Ferme/ Farm: Santa Margarita / Camila Topke
Origin / Origine: Chimaltenango, Acatenango
Procédé / Process: Lavé / Washed, dried on patios and raised beds
Variété / Varietal: Caturra, Sarchimor, Catimor, Geisha
Notes: Mélasse, chocolat noir, noix de grenoble, onctueux / molasses, dark chocolate, walnuts, buttery
This super cool single origin is roasted real oldschool so, at home, it's a breeze to pull an espresso. This iteration of this coffee reminded us of our grandmothers, who back in the day, would eat molasses on bread as a dessert! Times were real tough back then in La Belle Province but "Grandm'man" made it through cuz they made em tough back in the day! Super delicious, produced uniquely by girl power in Guatemala, we hope to continue to have the privilege of buying from them and roasting up this great green as a 90's style throwback to oldschool coffee.

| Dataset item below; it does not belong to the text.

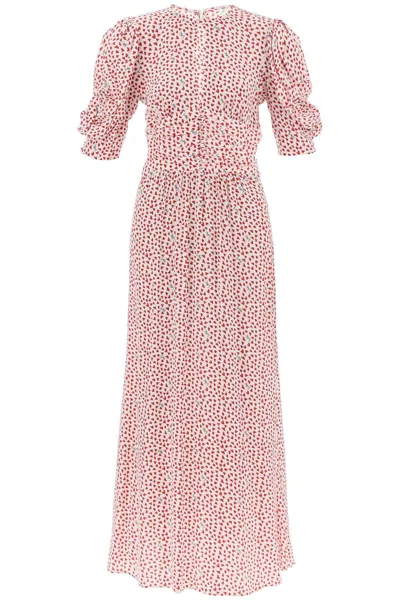 Rotate Birger Christensen Maxi Dress With Puffed Sleeves In White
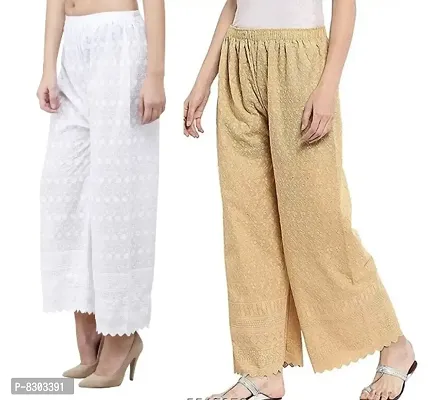 Stylish Latest Full Length Cotton Chikankari/Chikan Palazzo  Fit Women Bell Bottom Pants For Girls (Combo Pack Of 2)-thumb0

Finca Santa Margarita is the family farm of Camila Topke, a trader at InterAmerican Coffee. Santa Margarita is in large part operated by women. In addition to women coffee pickers, women are in charge of the grafting program and of running the farm's school and health clinic.
Camila is a member of the International Women's Coffee Alliance (IWCA) and for a time was vice president of the IWCA Guatemala chapter. She was also instrumental in developing Santa Margarita's forward-looking environmental programs and is still very active in its management.
Finca Santa Margarita
The farm was founded in 1838 by Thomas Wyld (Camila’s great grandfather) and has been in the family or four generations. Today, Santa Margarita is 2,320 hectares—812 of which are coffee farm—with Caturra, Sarchimor, Catimor and Geisha varieties. The rest is dedicated natural forest land, devoted to the promotion of natural species and wildlife biodiversity.
The farm has three springs, which are protected by environmental policies and provide water to the people living on the farm, as well as to the wet mill.
Environmental sustainability is a key mission of Finca Santa Margarita, from the moment seeds are planted to the moment coffee leaves the farm. Its management practices are based on an agroforestry system that includes low intakes of agrochemicals, the use of organic, compost-based soil nutrition, high shade coverage and sustainable quality standards.
The farm also takes very seriously the quality of life of the workers on the farm. It houses an elementary school for children who live on Santa Margarita, as well as neighboring farms (there are 75 children in the school in total). The farm also includes a small church and health clinic that partner with the Guatemala Dept. of Health.
Coffee is washed and dried on patios, as well as on raised African beds. A goal of the farm is to build a cupping facility on site and to train workers to cup and be advocates for quality.